> **Directions**: Copy out the listing that follows, exact in every word, and skip the images.

> **Data block**:
● ● ● ●

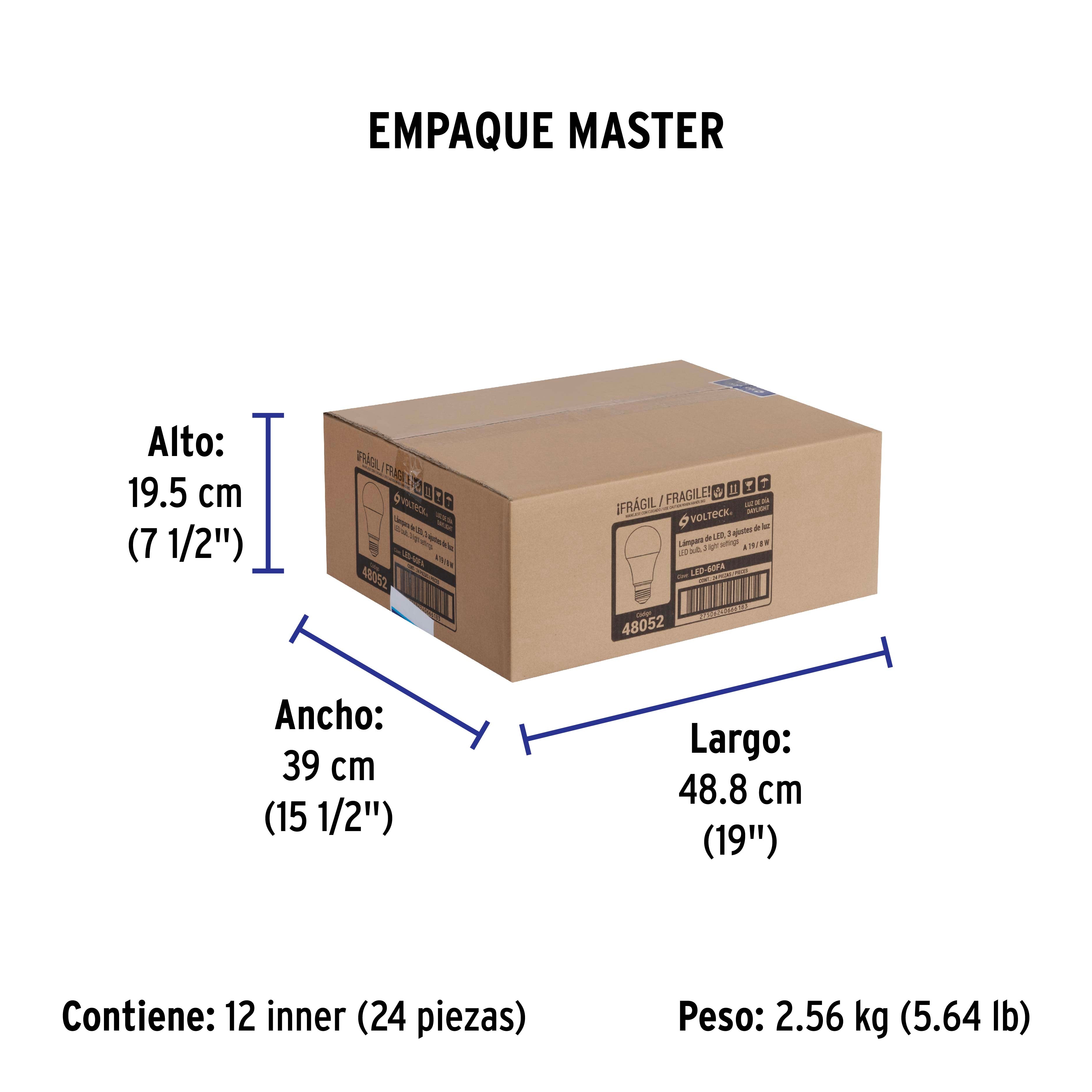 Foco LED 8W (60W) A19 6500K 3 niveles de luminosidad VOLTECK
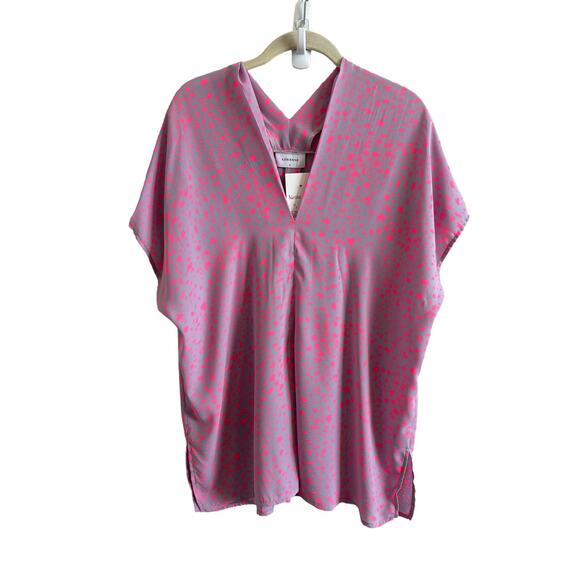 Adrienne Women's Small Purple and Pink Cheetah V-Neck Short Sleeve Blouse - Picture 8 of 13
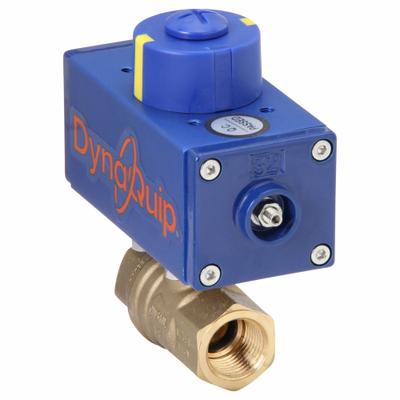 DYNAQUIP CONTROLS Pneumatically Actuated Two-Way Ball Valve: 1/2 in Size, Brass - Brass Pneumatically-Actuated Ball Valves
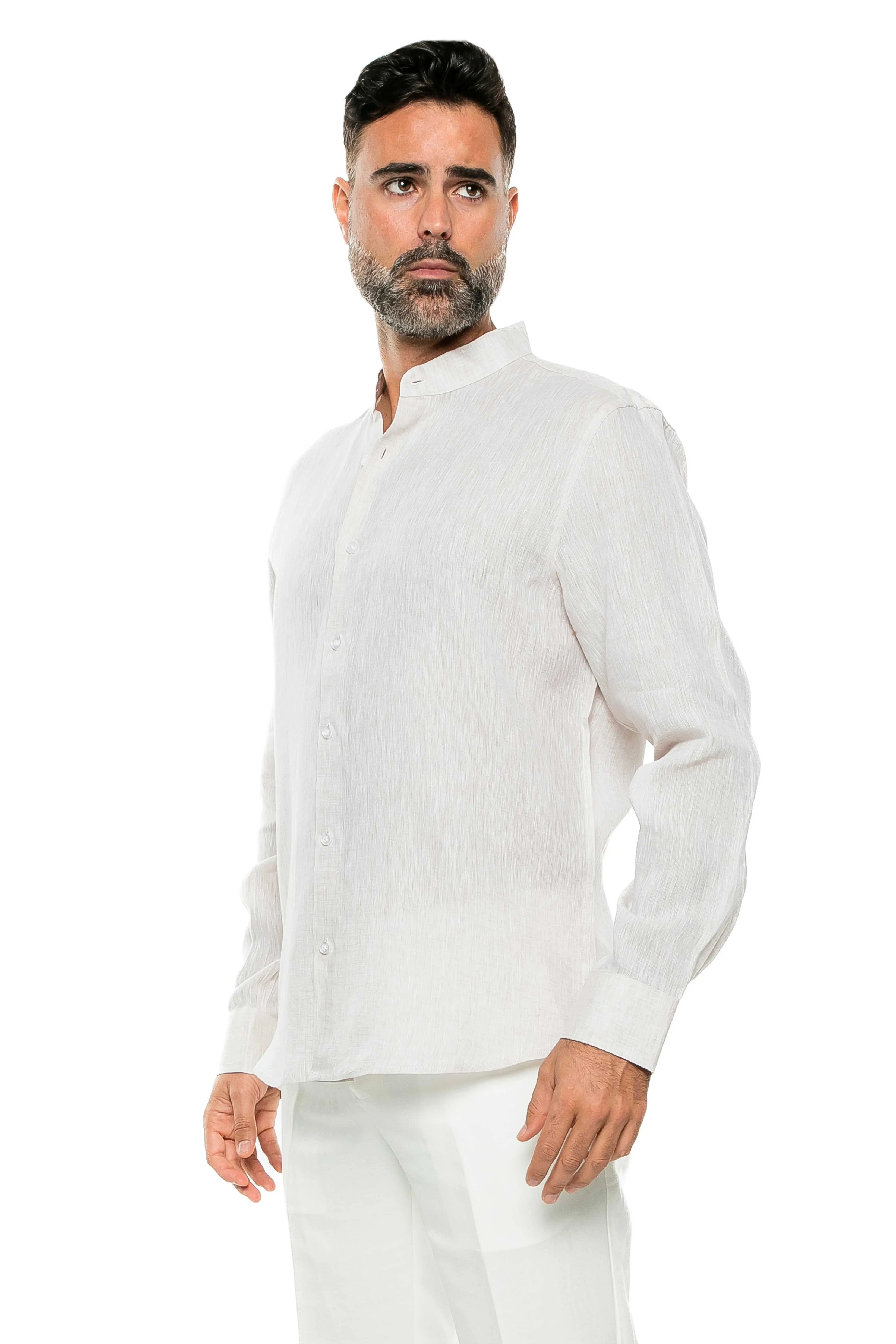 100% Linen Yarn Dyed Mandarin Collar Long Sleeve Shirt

● ● ● ●

> **Response to the exercise**:
 Foco LED 8W (60W) A19 6500K 3 niveles de luminosidad VOLTECK
 Adrienne Women's Small Purple and Pink Cheetah V-Neck Short Sleeve Blouse - Picture 8 of 13
 DYNAQUIP CONTROLS Pneumatically Actuated Two-Way Ball Valve: 1/2 in Size, Brass - Brass Pneumatically-Actuated Ball Valves
 100% Linen Yarn Dyed Mandarin Collar Long Sleeve Shirt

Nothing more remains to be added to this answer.